Trade principles and economic theory
The Single Market’s Common External Tariff is maddeningly complex and counterproductive. Speaking of regulatory alignment and free trade in the single market is self-contradictory. Just look: there are 13,000 variations of tariffs on biscuits, baked goods and confectionery alone – all of them taxes that have a direct impact on the cost of living. And then there are countless “nuisance” tariffs of less than 2.5 % on a huge range of products from white goods such as fridges and cookers to small electric appliances, whose chief burden is the cost to businesses of administering compliance.
Britain has always been a trading nation and clearly all the above drivel must be ruthlessly swept away. But we need more than that. Government must recognise that the objective of its trade policy must be free trade – not free trade agreements. The purpose of trade is to allow citizens to benefit from the comparative advantage enjoyed by respective trading partners – a natural extension of the principle behind the division of labour. It’s simple: Talents, skills and resources are not distributed equally between nations any more than between individuals. That’s why international trade happens – but it is always transacted between businesses. Governments don’t trade. But their role is equally simple: dismantle the barriers and stay out of sight!
These are all variations on the oft-repeated theme implicit in Say’s Law: “we produce in order to consume”; “we export so that we can import”.

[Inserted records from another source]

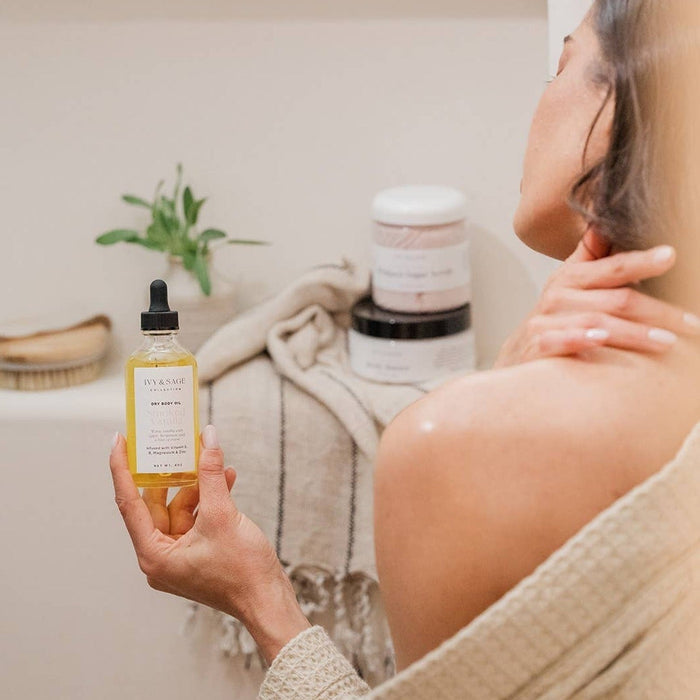 Woman holding Ivy & Sage dry body oil bottle in bathroom setting with skincare products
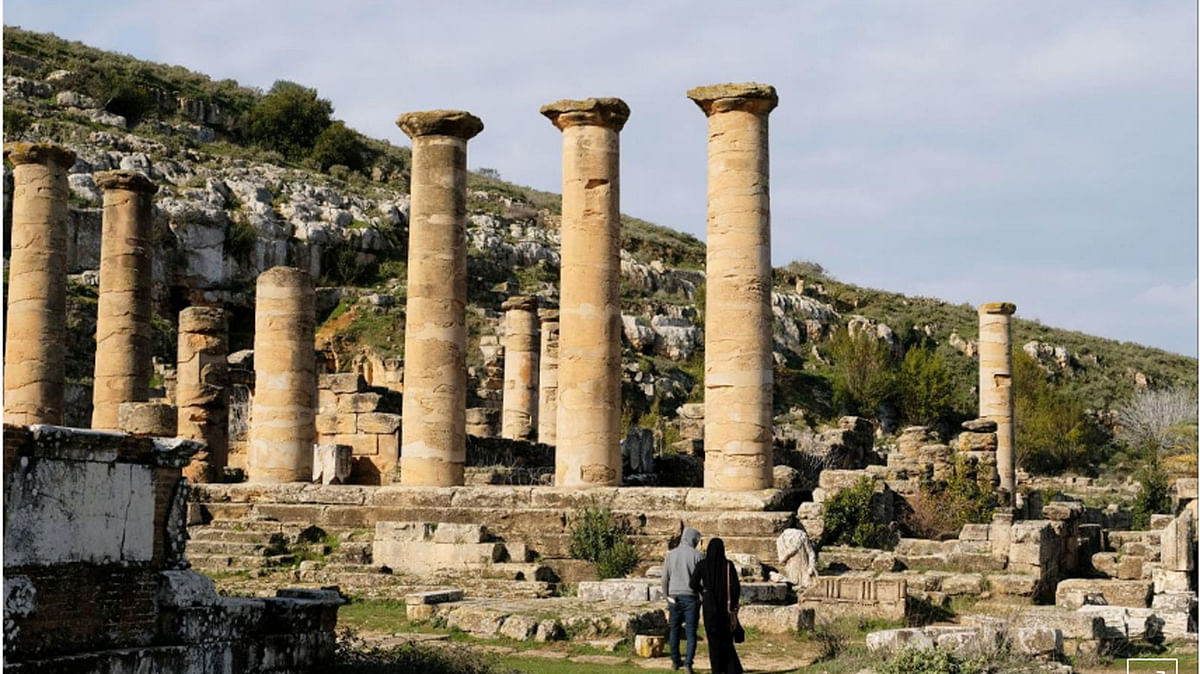 People stand next to the ancient ruins of the Greek and Roman city of Cyrene, in Shahhat, Libya, on 9 February 2019.  Photo: Reuters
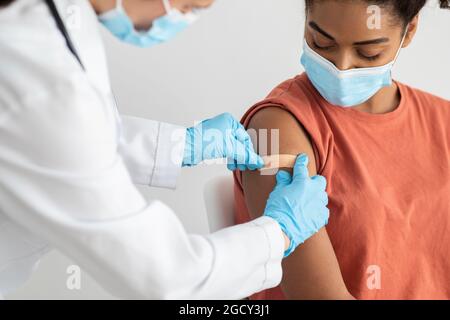 Nurse putting medical plaster on female patient arm Stock Photo
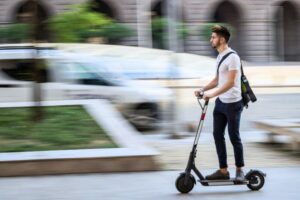 Uomo in monopattino elettrico in città, simbolo delle nuove regole su assicurazione RCA, casco e circolazione sicura.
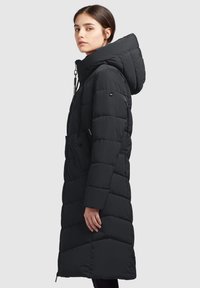 Lang sort pufferjakke med hætte, der har quiltede paneler, justerbare snore og sidelommer, lavet af et glat, isoleret stof.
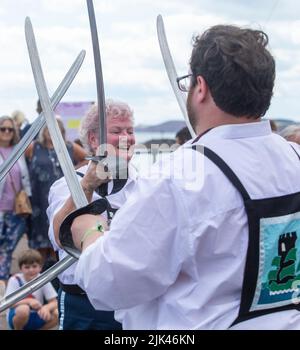 Sidmouth, 30.. Juli 2022 Saber Dance - Morris Tänzer treffen auf der Sidmouth Esplanade auf Schwerter, während die Folk Week beginnt. Tony Charnock/Alamy Live News Stockfoto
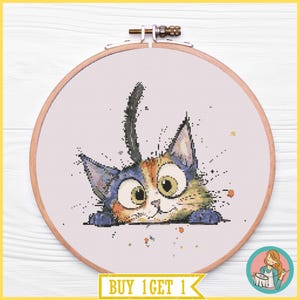 Puede incluir: Un bastidor de bordado redondo de madera que contiene un patrón de punto de cruz de un gato calicó con ojos grandes y la cola levantada. El gato está representado en tonos naranja, negro y blanco sobre un fondo de tela clara, fijado con un tornillo.
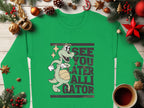 Garment Graphics offers a festive green unisex sweatshirt featuring a cartoon alligator with a basketball and playful See You Later Alligator text, surrounded by pine branches, ornaments, and a warm coffee cup for seasonal cheer.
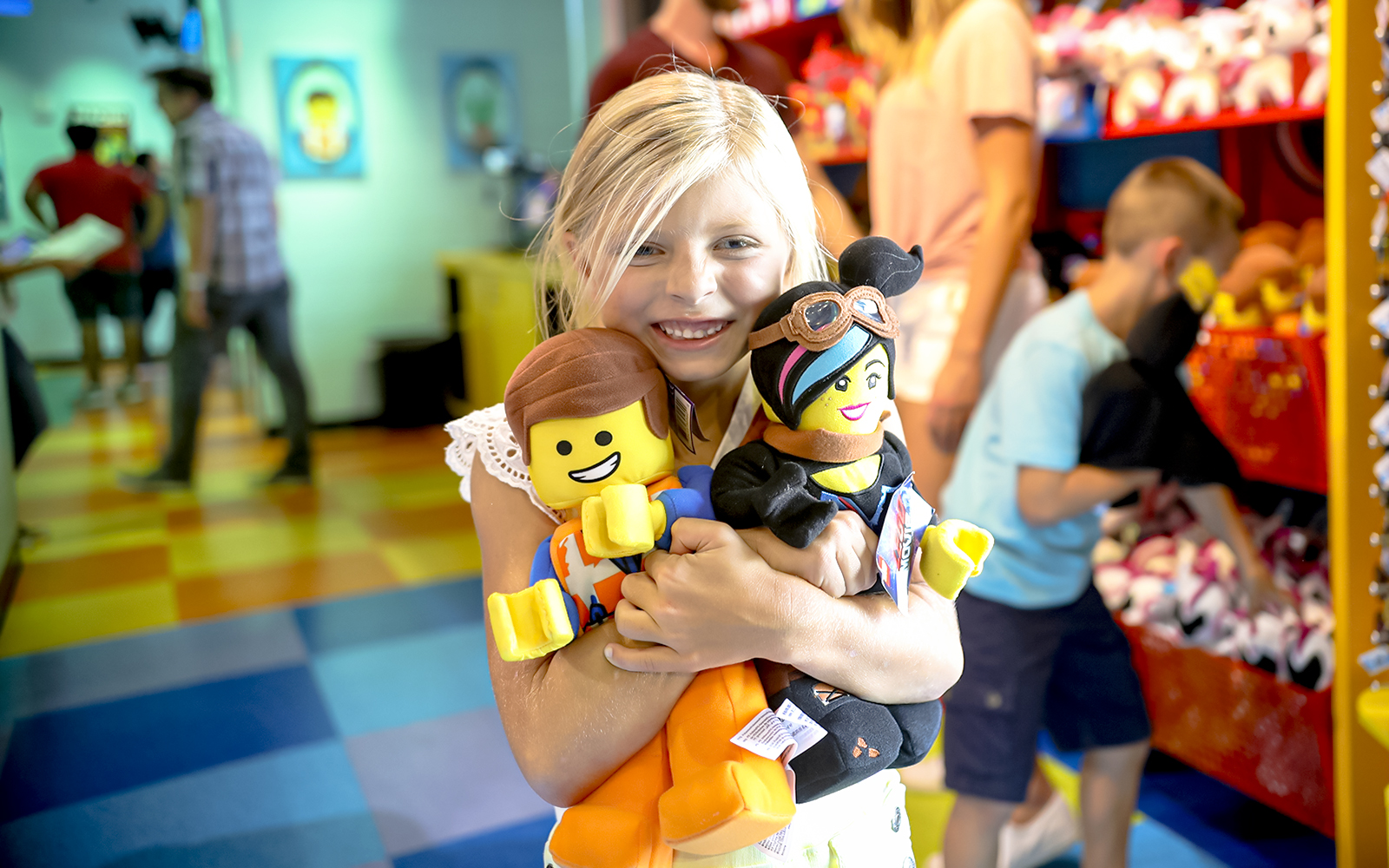 Child holding LEGO plush toys at LEGOLAND® California shop.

There is much to celebrate because we are now unshackled from a burdensome behemoth that is floundering to survive in its existing form. Yet the EU’s bigwigs show no signs of waking up to the harm they are blithely inflicting on the citizens of 27 nations.
Resisting the old regimen
The common approach to trade policy these days is to protect domestic industries by favouring them with taxpayer-funded subsidies and imposing tariffs on imports. Partisan industrial favouritism is a pernicious form of crony capitalism because it distorts capital allocation in the markets – a phenomenon that the UK government must resist at all costs if the full benefit of newly won independence is not to be squandered.
We can but watch if the Brussels steamroller trundles on with its unaffordable agenda of setting up shiny new overseas embassies and replacing the cost of NATO membership with an army of its own – an ominous source of mutual distrust. They can’t afford it anyway, especially after losing Britain’s £11 billion annual contribution at the end of this year – roughly equivalent to the entire EU administration budget, as reflected in its annual financial statements. Speaking of which, the Court of Auditors has never signed off the EU’s own accounts to the effect that it is free of fraud, corruption and other irregularities, when billions of euros in the EU budget are spent illegally every year.
Even more serious problems will emerge when citizens in member states face genuine grievances concerning the loss of norms they used to take for granted as entitlements. When modest returns on savings are replaced by negative interest rates, protest will take on a more menacing meaning.